During the interview, Sky News journalist Mark Austin pressed Peskov about whether Russian President Vladimir Putin’s invasion of Ukraine had turned into a “humiliation” for Russia because of the mounting Russian death toll in the six-week war.
“The reason I said it’s not going to plan is you’ve retreated from the capital, President Zelenskyy is still in power, you’ve lost thousands of troops, you’ve lost six generals, hundreds of tanks and other equipment — it’s a humiliation really, isn’t it?” Austin asked Peskov.
Peskov replied: “No, it’s a wrong understanding of what’s going on.”
Austin then followed up, asking: “What is wrong about what I just said?” Peskov responded: “Nearly everything.”
Putin launched Russia’s invasion of Ukraine on February 24, with Russian troops surrounding and shelling several towns across the Eastern European country, including civilian targets.
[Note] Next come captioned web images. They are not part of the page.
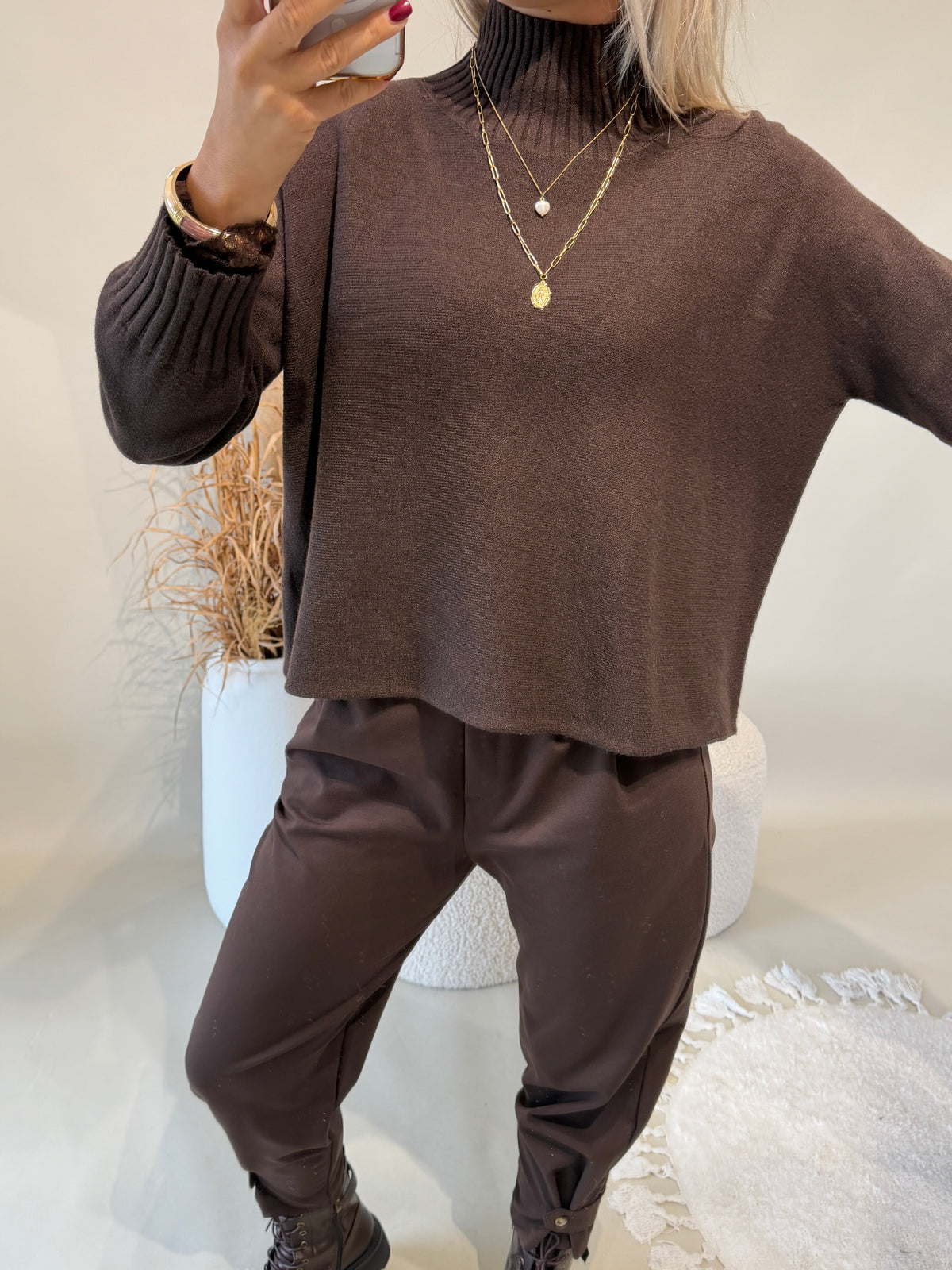 Pullover in Schokobraun mit weiten Kragen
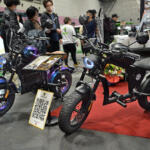 【画像】カスタム旧車のように見えて中身は電動！　「マンゴスチン」の電動原付は用途にあわせて「特定原付」「第1種原動機付き自転車」「第2種原動機付き自転車」で登録できる【大阪オートメッセ2026】 〜 画像12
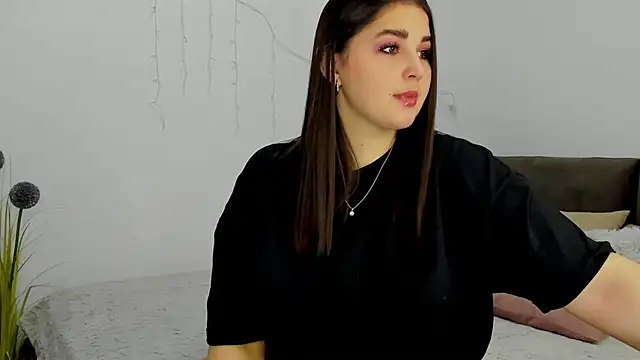 Snapshot of Talla_a chatting on 03.18.25 Talla a online show from 03.18.25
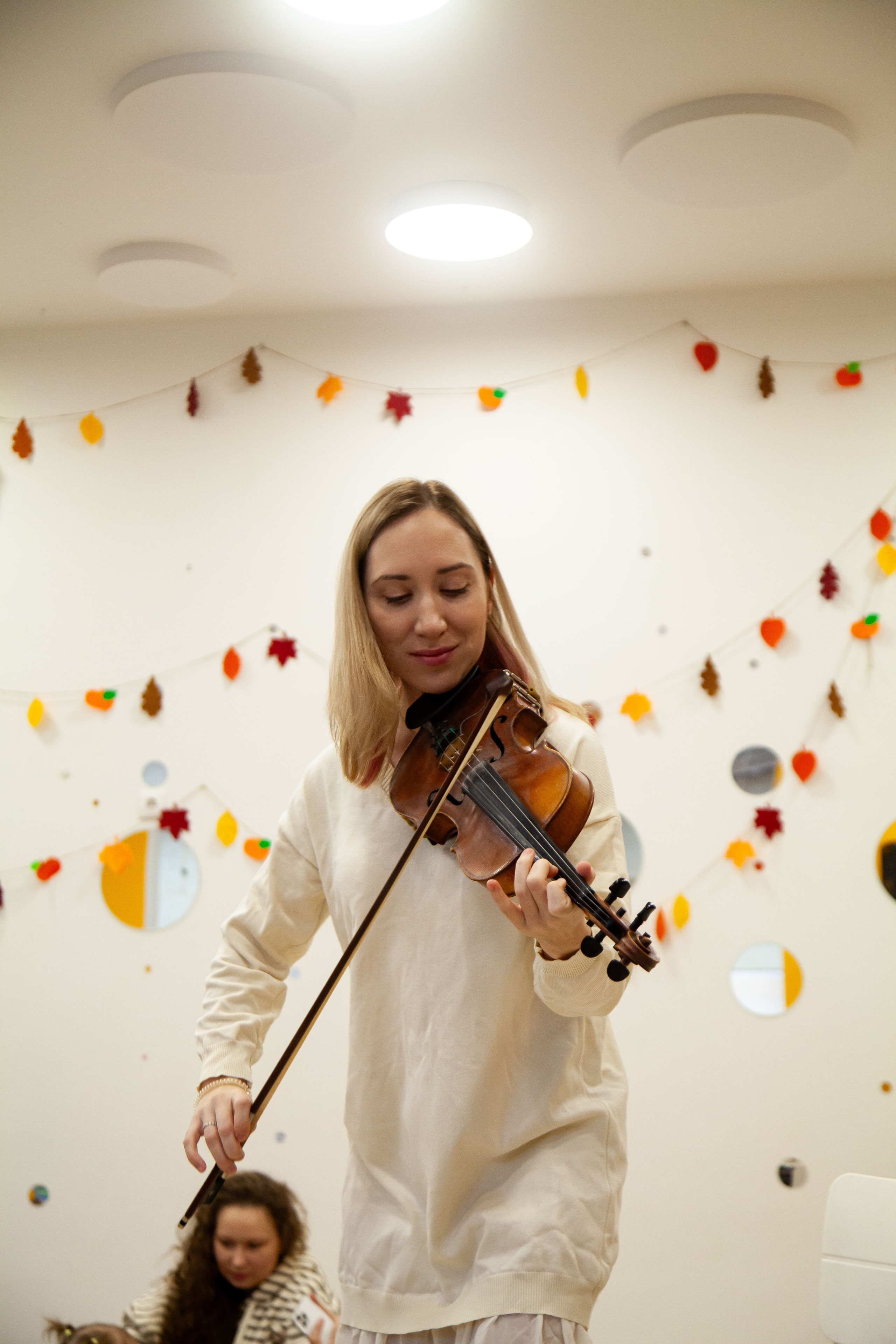 Музыкальный концерт скрипки. 11.11.23. Профессиональное фото в Казани: от идеи до результата. Фотограф Яна Мур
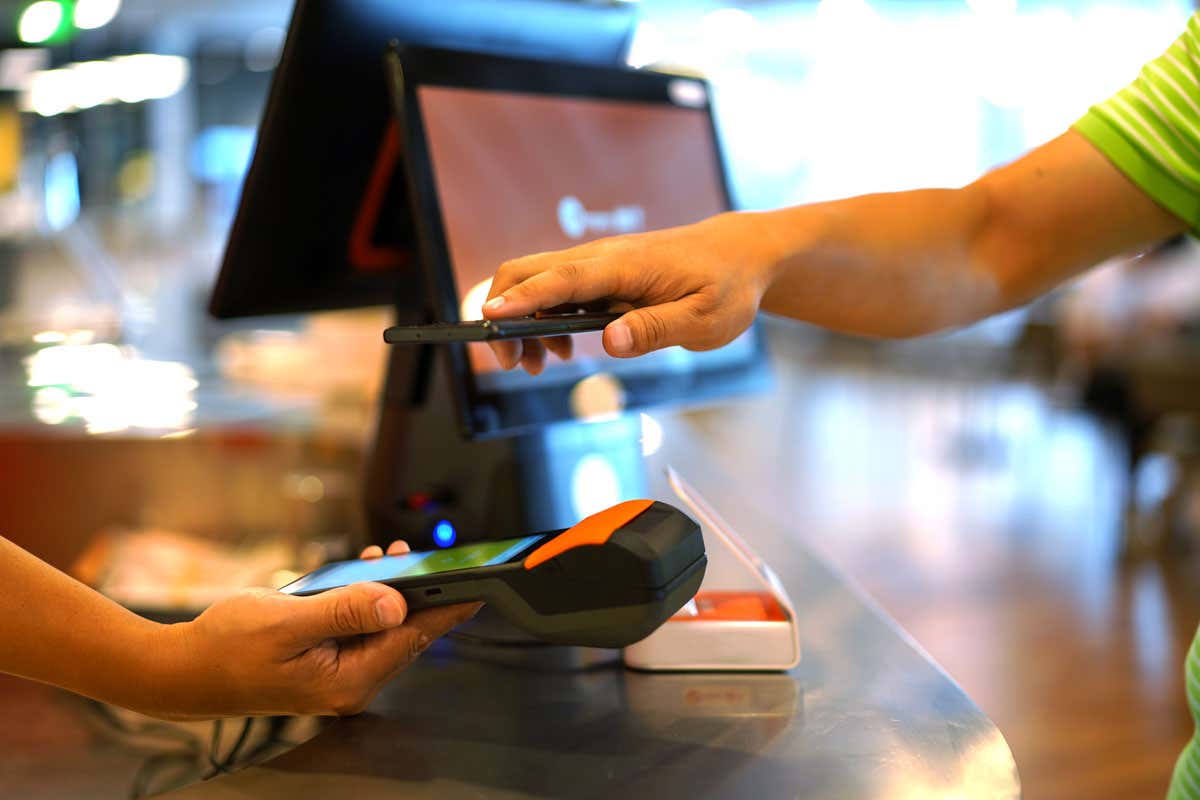 Carte in tavola, ristorazione sempre più cashless: quasi un pagamento su 2 è digitale Carte in tavola, ristorazione sempre più cashless: quasi un pagamento su 2 è digitale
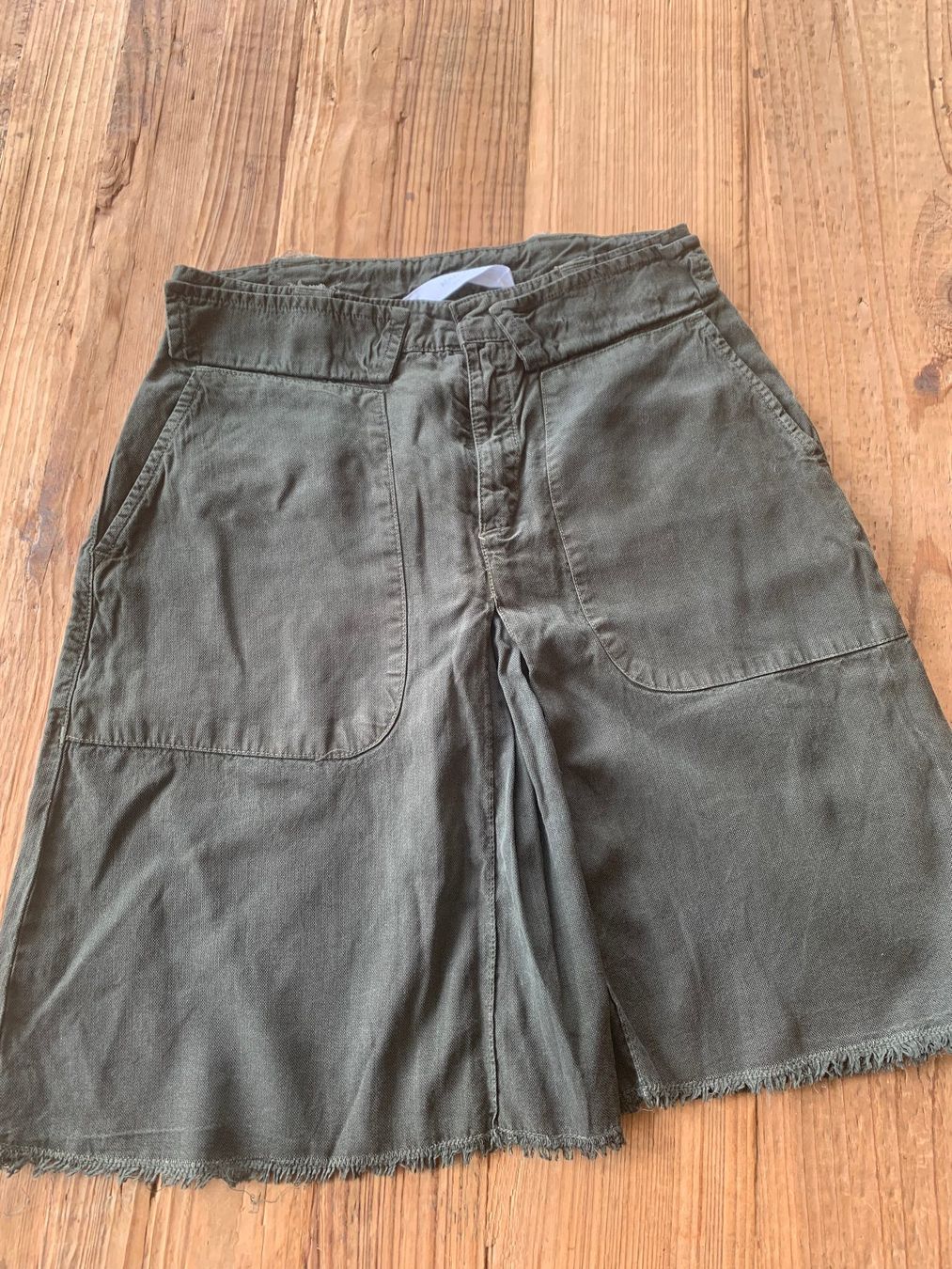 Mango Röcke: Mango Rock Gr. S Olivegrün – Gebraucht aus Kirchdorf AG von coco123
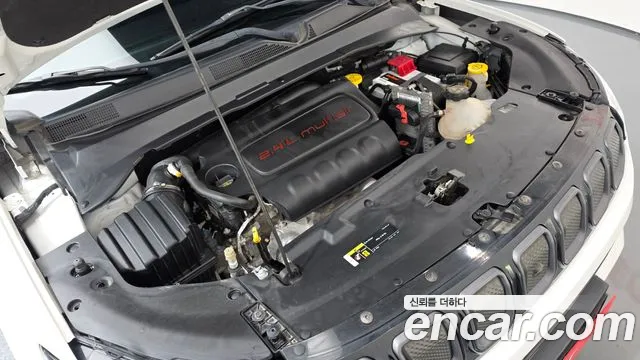Jeep Compass 2nd Gen — Фото автомобиля 9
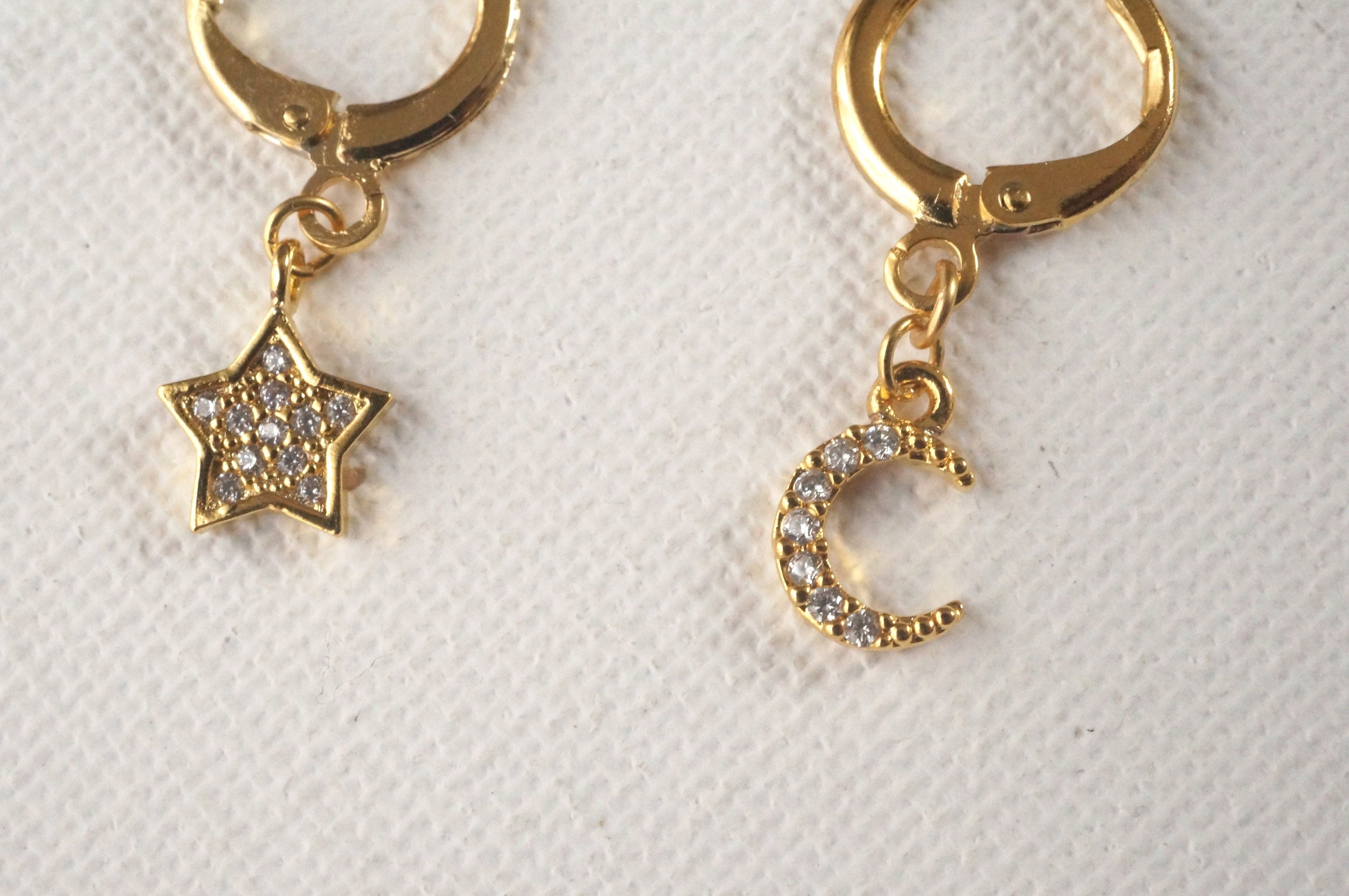 アクセサリー MAYU star pierce (cubic star / gold) star pierce (cubic star / gold) – MAYU online store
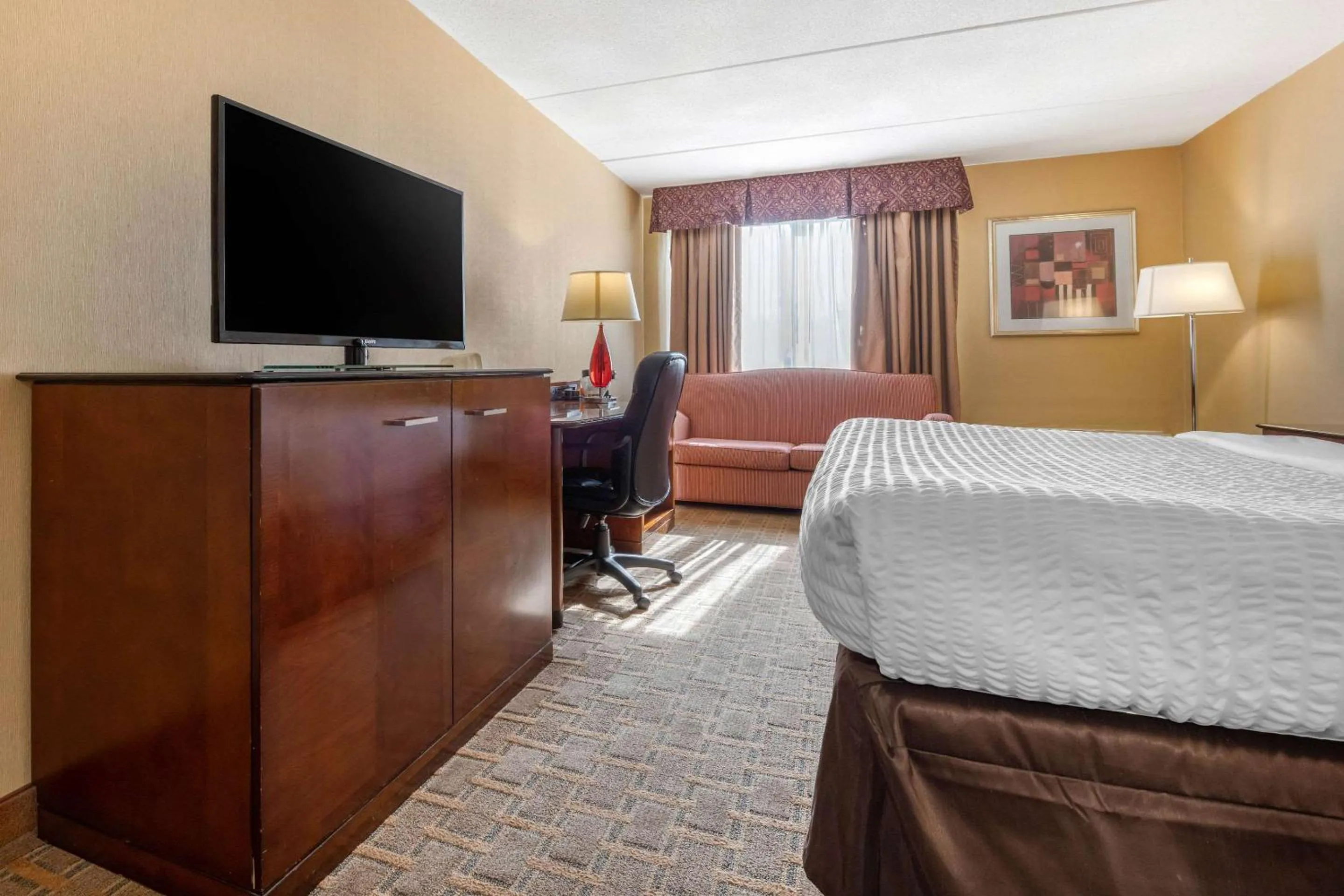 Photo of the whole room, Bed in Clarion Hotel Conference Center on Lake Erie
Despite Ukraine’s armed forces being greatly outnumbered and outgunned by the Russians, the Ukrainians have put up fierce resistance, which has resulted in heavy losses for Russian troops.
Six Russian major generals have reportedly been killed in the war, along with several other senior Russian officers, several outlets, as well as Ukraine, have reported, including Russian state TV, The New York Times, and the Daily Mail.
NATO estimates as many as 40,000 Russian troops have been killed, injured, or captured since the start of the war — which the Center for Strategic and International Studies said was about 25% of its initial attacking force. Jeffrey Edmonds, a US Army veteran and CIA military analyst, told Insider the high casualty rate was likely because of poorly trained Russian troops who weren’t aware they’d be in active combat. He added that morale had been brought down by heavy losses, which has affected the performance of other troops.
“I’ve seen reports about units being destroyed and things of that nature,” Edmonds said of the Russian army. “Typically, we think in the military that if you lose a third of your unit, then you’re combat-ineffective because usually, psychologically, one in three dying or being taken out of the fight, your unit typically can’t function well after that.”